E in tutto questo, Berlusconi che fa? Secondo Gerardo Pelosi, sempre sul Sole 24 Ore, la politica italiana si limita a ritagliarsi una dignitosa visibilità bipartisan ben sapendo, che, comunque vada a finire, per l’Italia il saldo sarà comunque negativo.

“La “partnership” esclusiva che il premier, Silvio Berlusconi, era riuscito faticosamente a costruire in questi anni con il colonnello archiviando con un maxirisarcimento (in carico all’Eni) il passato coloniale, non potrà che lasciare il posto a un rapporto più “normale” con la futura leadership libica, dove troveranno spazio geopolitico e nuovi affari anche quei paesi le cui insegne campeggiano sulle carlinghe dei caccia (inglesi, francesi e americani) pronti a decollare per imporre la no-fly zone anche a suon di bombe”.

Le posizioni del governo sull’intervento in Libia non possono essere ricondotte a semplici questioni di “cortile Italia”, in uno scontro (che pare, comunque, vi sia stato) tra ministri “interventisti” come Frattini e La Russa, leghisti come Maroni e Bossi preoccupati solo degli effetti indotti sul fronte migratorio e un presidente del Consiglio pronto a mediare ma pieno di dubbi e preoccupato, soprattutto, per i rischi di una crescente instabilità dell’area, di un protrarsi della guerra civile libica.

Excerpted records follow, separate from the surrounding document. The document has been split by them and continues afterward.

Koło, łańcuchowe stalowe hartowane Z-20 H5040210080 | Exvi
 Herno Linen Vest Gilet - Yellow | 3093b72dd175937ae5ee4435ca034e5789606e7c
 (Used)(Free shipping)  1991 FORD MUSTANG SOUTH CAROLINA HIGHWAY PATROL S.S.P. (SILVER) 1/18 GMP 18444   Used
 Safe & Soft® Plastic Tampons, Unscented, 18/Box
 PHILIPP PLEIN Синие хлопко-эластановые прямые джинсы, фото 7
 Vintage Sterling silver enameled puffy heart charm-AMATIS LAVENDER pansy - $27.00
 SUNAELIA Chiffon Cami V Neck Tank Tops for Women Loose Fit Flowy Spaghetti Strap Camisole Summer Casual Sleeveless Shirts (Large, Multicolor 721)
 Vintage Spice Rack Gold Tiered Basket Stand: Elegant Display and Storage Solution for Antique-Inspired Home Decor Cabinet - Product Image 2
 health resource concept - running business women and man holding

Persino un’ombra di Berlusconi come il ministro degli Esteri Franco Frattini si è ribellato a Berlusconi, dicendogli più o meno: “Caro Silvio, capiamo tutti la tua prudenza e in parte la condividiamo ma questa volta non possiamo rimanere fuori da iniziative Onu e Nato; verremmo tagliati fuori e si deciderebbe sopra le nostre teste”.

Lo scenario che si andava profilando per l’Italia era già abbastanza chiaro giovedì, quando il rappresentante italiano alle Nazioni Unite, l’ambasciatore Cesare Ragaglini, ha informato Berlusconi che Russia e Cina erano pronte ad astenersi nel voto al Palazzo di vetro aprendo la strada alla nuova risoluzione 1973 sulla Libia”.,

Inoltre, il presidente Napolitano ha auspicato giovedì a Torino che “non si resti indifferenti ai fronte alle attese di libertà e democrazia che giungono dal popolo dell’ex colonia italiana”, la più autorevole copertura a sinistra, nota Pelosi, nel voto bipartisan che ha compensato le defezioni della Lega con il Pd pronto a sostenere il ruolo attivo dell’Italia nella vicenda libica”.